Stop Paying for Shuffles: The ETL Tune-Up That Cut Runtime 40% and Spend 35%

You don’t need a rewrite. You need to stop moving bytes you don’t need, fix file layouts, and put quality gates where they matter. Here’s the playbook we use to make ETL faster, cheaper, and more reliable—without breaking business logic.

“We didn’t rewrite a single line of business logic. We just fixed the plumbing—and the bill dropped 35%.”
Back to all posts

The ETL jobs that make your CFO cry

I walked into a team where the daily fact build on Spark took 2h15m, burned through a pile of S3 GETs, and still dropped late-arriving orders. Classic: small Parquet files, blind joins, and zero stats. No one wanted a rewrite. They just wanted it to stop paging the on-call and spiking the Snowflake bill.

We didn’t touch product logic. We cut wall time by 40% and spend by 35% in three weeks by fixing plumbing: storage layout, join strategies, and compute sizing—plus real data quality gates so we could sleep again.

Profile first: know exactly where time and money go

If you don’t measure, you’re cargo-culting configs. Profile before changing a line.

What to capture:

  • End-to-end wall time and critical path stages

  • Input/scan bytes, shuffle read/write, spill to disk

  • Per-query cost: slot_ms (BigQuery), credits (Snowflake), DBU (Databricks)

  • Table-level stats: row counts, partitions, file counts, average file size

  • Data freshness and failure MTTR

Examples:

-- BigQuery: get a plan and see estimated stages
EXPLAIN SELECT o.order_id, s.store_id
FROM `raw.orders` o
JOIN `dim.store` s USING(store_id)
WHERE o.event_date BETWEEN '2025-10-01' AND '2025-10-07';
# Spark: fetch the event log and open in Spark UI/History Server
spark-submit \
  --conf spark.eventLog.enabled=true \
  --conf spark.eventLog.dir=s3a://org-bucket/spark-logs \
  job.py

Track these KPIs per DAG run:

  • Spark: shuffle_read_bytes, shuffle_write_bytes, bytes_skipped, task spill time

  • Snowflake: WAREHOUSE_CREDITS_USED, partitions scanned vs pruned

  • BigQuery: slot_ms, bytes processed vs billed, materialized view hits

Pipe lineage via OpenLineage or Marquez so you can tie cost to upstream changes.

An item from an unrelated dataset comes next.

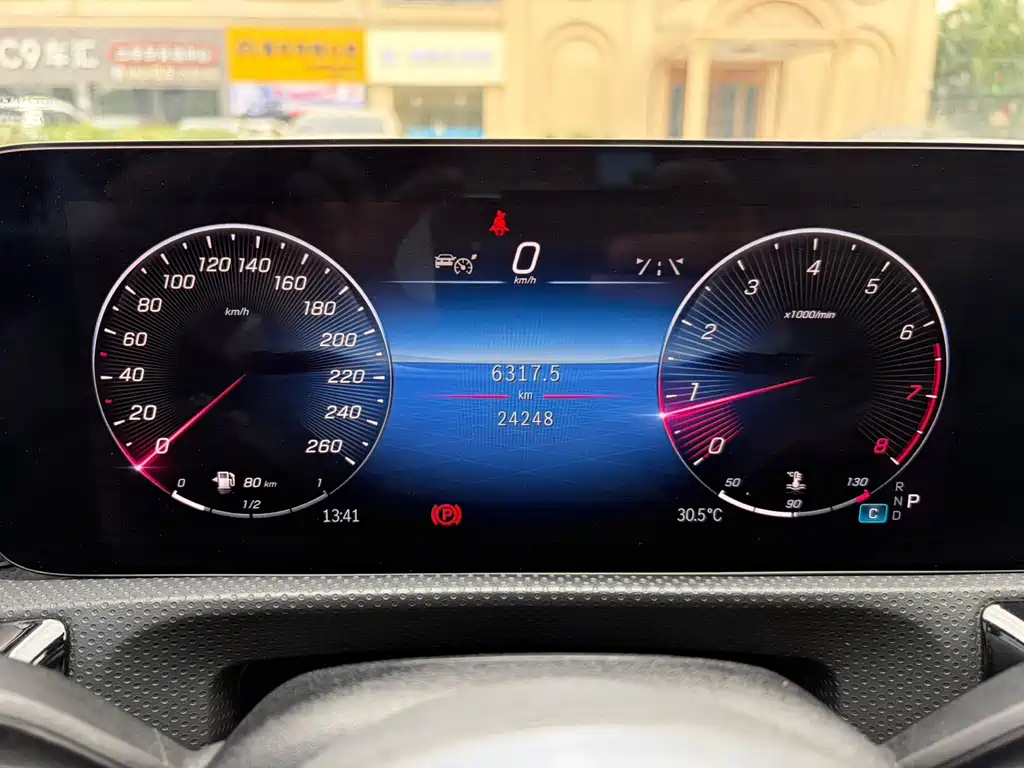 Mercedes-Benz A-Class — миниатюра 13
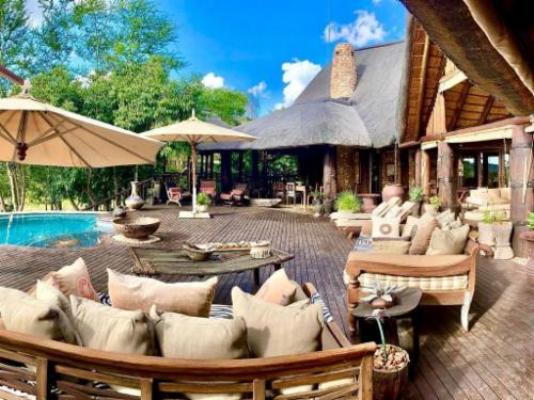 Fevertree Lodge - Patio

Design for reliability: idempotent, late-data aware, and observable

Optimizing without reliability just makes bad data arrive faster. We ship pipelines that are」「restartable」「 with deterministic outputs.

Patterns that work:

  • Idempotent upserts with stable keys and MERGE semantics

  • Watermarks for late data; dedupe by (business_key, event_ts)

  • Exactly-once on CDC by using source_lsn/op_ts and tombstones

  • Contract tests near sources; fail fast on schema drift

PySpark example (batch or micro-batch) that dedupes and tolerates late arrivals:

from pyspark.sql import functions as F, Window as W

raw = (spark.readStream
    .format("kafka")
    .option("subscribe", "orders.cdc")
    .load())

orders = (raw.selectExpr("CAST(value AS STRING) as json")
    .select(F.from_json("json", schema).alias("r")).select("r.*"))

# Deduplicate using business key and event time
w = W.partitionBy("order_id").orderBy(F.col("event_ts").desc())
latest = (orders
    .withWatermark("event_ts", "2 hours")
    .withColumn("rn", F.row_number().over(w))
    .filter("rn = 1"))

# Idempotent upsert into Delta/Iceberg
(latest.writeStream
    .format("delta")
    .option("checkpointLocation", "s3a://bucket/chk/orders")
    .foreachBatch(lambda df, epoch: (
        df.createOrReplaceTempView("updates") or
        spark.sql("""
            MERGE INTO silver.orders t
            USING updates u
            ON t.order_id = u.order_id
            WHEN MATCHED AND u.event_ts >= t.event_ts THEN UPDATE SET *
            WHEN NOT MATCHED THEN INSERT *
        """))
    .start())

This is the difference between safe retries and double-counted revenue.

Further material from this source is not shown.